BEGIN Extracted data

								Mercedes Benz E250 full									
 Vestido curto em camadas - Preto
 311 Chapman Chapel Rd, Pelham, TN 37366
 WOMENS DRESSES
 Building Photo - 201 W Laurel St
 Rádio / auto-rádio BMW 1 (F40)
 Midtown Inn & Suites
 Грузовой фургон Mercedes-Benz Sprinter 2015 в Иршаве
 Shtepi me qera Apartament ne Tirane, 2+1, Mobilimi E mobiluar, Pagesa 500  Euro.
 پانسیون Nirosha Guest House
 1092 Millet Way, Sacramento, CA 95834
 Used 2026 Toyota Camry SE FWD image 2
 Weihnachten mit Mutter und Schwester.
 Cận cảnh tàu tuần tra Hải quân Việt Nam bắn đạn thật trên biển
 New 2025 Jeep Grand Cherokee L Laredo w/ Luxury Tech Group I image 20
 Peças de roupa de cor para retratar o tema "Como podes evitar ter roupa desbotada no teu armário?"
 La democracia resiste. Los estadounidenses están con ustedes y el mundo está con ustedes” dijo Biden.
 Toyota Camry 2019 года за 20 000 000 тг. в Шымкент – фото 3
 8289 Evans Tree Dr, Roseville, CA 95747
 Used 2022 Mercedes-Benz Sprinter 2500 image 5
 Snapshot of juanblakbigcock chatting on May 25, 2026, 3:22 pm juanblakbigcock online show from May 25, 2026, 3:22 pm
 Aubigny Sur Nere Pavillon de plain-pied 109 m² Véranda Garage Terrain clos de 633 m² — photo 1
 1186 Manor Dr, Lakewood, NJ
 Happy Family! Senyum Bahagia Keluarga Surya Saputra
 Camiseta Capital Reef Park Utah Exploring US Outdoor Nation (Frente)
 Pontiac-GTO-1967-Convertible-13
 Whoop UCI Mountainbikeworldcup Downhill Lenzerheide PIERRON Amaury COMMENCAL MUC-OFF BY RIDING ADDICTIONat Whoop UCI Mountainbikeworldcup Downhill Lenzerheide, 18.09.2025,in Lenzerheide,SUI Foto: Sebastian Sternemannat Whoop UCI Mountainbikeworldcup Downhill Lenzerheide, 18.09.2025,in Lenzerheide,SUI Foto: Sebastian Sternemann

END Extracted data

**Work request**:
Your response should be the count of lines in the material above that contain "Mercedes", with nothing added.

**Reply**:
3